Cruzó la sección masculina, aunque ésta no era su objetivo. Hizo acopio de valor y cruzó la sección femenina, llena de ropa de lencería, donde las mujeres de Neukölln, con su llamativo maquillaje, examinaban bragas de encaje y aquellos jirones escasos llamados tangas. Apartó la mirada.

Por fin llegó a la sección infantil.

Podía actuar como un padre normal, como alguien que compraba ropa interior para su hijo.

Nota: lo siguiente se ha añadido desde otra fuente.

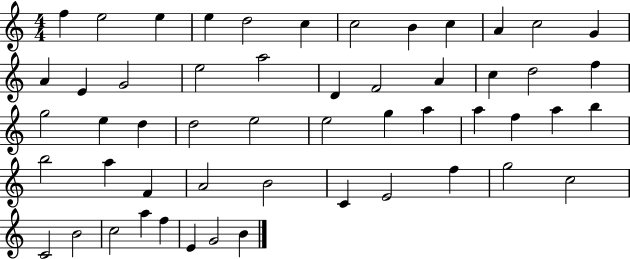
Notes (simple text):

F5/q E5/h E5/q E5/q D5/h C5/q C5/h B4/q C5/q A4/q C5/h G4/q A4/q E4/q G4/h E5/h A5/h D4/q F4/h A4/q C5/q D5/h F5/q G5/h E5/q D5/q D5/h E5/h E5/h G5/q A5/q A5/q F5/q A5/q B5/q B5/h A5/q F4/q A4/h B4/h C4/q E4/h F5/q G5/h C5/h C4/h B4/h C5/h A5/q F5/q E4/q G4/h B4/q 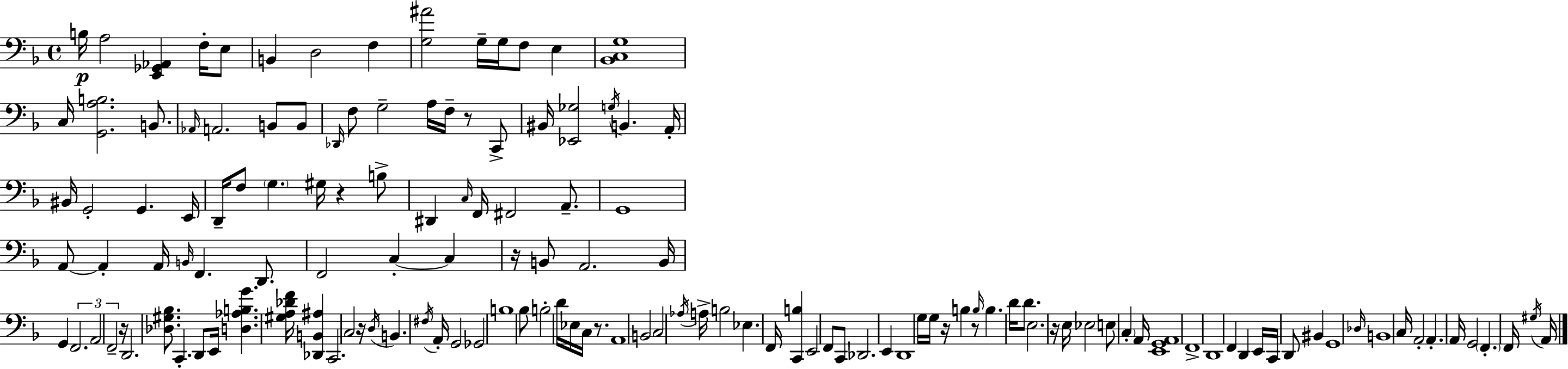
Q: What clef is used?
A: bass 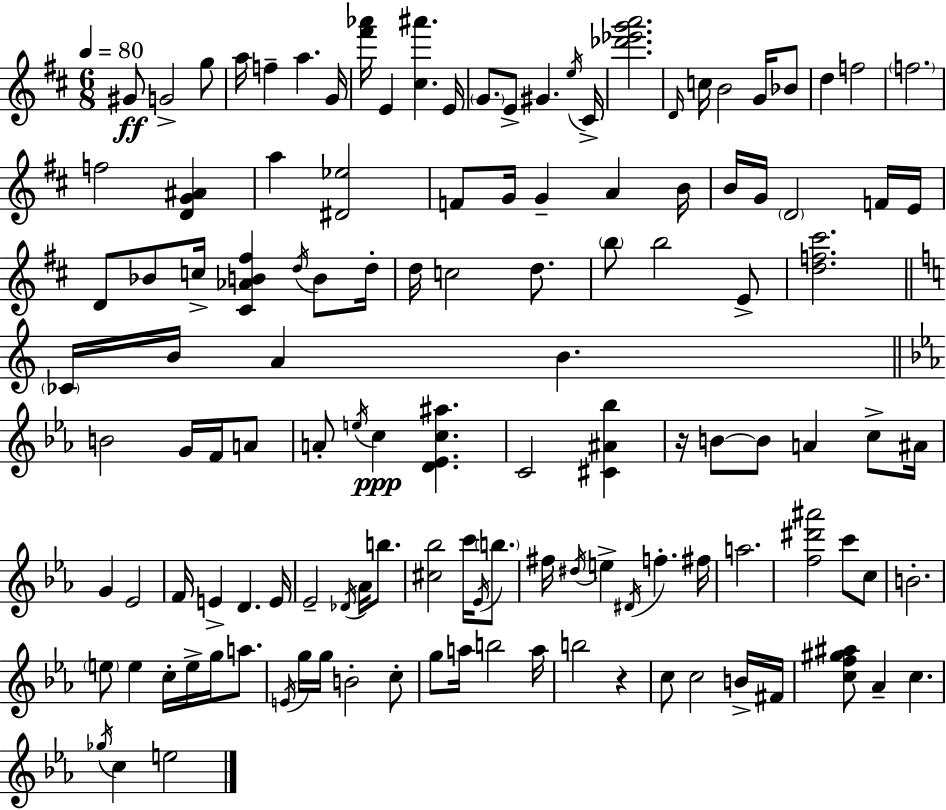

O simplemente como un buen amigo.

La ropa era graciosa y de colores vivos. Había un par de madres que empujaban sus cochecitos de bebé por los pasillos, pero él era el único hombre. ¿Llamaría la atención? Se detuvo ante un perchero lleno de camisetas y respiró hondo. Pasó un buen rato pululando de aquí para allá, hasta que finalmente cogió una camiseta por la percha y la examinó con mayor detenimiento. No le gustaba, era demasiado sencilla. Quería algo más bonito.

Predominaban los tonos pastel; él prefería algo rojo, o tal vez de un blanco más inocente, aunque también quería que tuviera un motivo bonito. Chocó con una mujer gorda, de rasgos árabes; llevaba en brazos a un niño que berreaba. Tuvo la sensación de que la mujer había chocado con él premeditadamente, pero no dijo nada, pues no quería llamar la atención por nada del mundo.